[Scraped caption text data]

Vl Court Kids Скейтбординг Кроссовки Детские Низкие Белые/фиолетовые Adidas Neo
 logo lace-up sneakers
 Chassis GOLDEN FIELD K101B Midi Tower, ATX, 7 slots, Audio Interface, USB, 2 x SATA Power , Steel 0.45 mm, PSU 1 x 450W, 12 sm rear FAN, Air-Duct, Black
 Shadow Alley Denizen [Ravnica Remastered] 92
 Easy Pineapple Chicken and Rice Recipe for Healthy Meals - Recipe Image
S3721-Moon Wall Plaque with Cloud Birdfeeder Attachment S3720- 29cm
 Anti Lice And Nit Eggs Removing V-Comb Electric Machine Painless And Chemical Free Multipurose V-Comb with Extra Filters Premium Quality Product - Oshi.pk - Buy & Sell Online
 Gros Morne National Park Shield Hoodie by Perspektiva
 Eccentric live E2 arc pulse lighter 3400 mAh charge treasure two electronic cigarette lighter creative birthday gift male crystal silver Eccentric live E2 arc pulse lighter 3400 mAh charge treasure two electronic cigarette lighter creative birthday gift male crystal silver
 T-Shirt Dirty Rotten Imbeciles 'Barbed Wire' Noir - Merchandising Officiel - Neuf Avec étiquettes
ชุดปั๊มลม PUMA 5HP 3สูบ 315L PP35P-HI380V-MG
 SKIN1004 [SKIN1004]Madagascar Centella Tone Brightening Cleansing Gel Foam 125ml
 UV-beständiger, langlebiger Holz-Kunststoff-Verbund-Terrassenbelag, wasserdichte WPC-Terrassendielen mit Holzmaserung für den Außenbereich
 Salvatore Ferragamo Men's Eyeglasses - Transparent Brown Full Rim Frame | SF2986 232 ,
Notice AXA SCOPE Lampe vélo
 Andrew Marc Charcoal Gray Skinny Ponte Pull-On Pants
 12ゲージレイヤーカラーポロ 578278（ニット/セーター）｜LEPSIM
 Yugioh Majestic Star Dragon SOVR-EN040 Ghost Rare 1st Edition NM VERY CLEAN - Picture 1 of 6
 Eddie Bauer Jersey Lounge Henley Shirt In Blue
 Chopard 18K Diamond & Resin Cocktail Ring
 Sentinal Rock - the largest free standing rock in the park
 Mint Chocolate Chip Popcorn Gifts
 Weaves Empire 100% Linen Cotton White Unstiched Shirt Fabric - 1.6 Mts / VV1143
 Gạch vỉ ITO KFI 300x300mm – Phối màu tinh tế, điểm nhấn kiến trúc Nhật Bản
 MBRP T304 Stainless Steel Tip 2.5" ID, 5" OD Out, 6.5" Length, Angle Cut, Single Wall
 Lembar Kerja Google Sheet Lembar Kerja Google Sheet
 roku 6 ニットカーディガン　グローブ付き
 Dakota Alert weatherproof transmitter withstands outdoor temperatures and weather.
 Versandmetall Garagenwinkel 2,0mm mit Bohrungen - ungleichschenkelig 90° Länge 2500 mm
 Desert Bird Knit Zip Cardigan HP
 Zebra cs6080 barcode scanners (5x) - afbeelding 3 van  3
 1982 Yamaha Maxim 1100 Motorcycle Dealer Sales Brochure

**Exercise requirements**
Only the lines above, from the first through the one holding "S3721-Moon Wall Plaque", are to be output, and they must be copied exactly.

**Written reply**
Vl Court Kids Скейтбординг Кроссовки Детские Низкие Белые/фиолетовые Adidas Neo
 logo lace-up sneakers
 Chassis GOLDEN FIELD K101B Midi Tower, ATX, 7 slots, Audio Interface, USB, 2 x SATA Power , Steel 0.45 mm, PSU 1 x 450W, 12 sm rear FAN, Air-Duct, Black
 Shadow Alley Denizen [Ravnica Remastered] 92
 Easy Pineapple Chicken and Rice Recipe for Healthy Meals - Recipe Image
S3721-Moon Wall Plaque with Cloud Birdfeeder Attachment S3720- 29cm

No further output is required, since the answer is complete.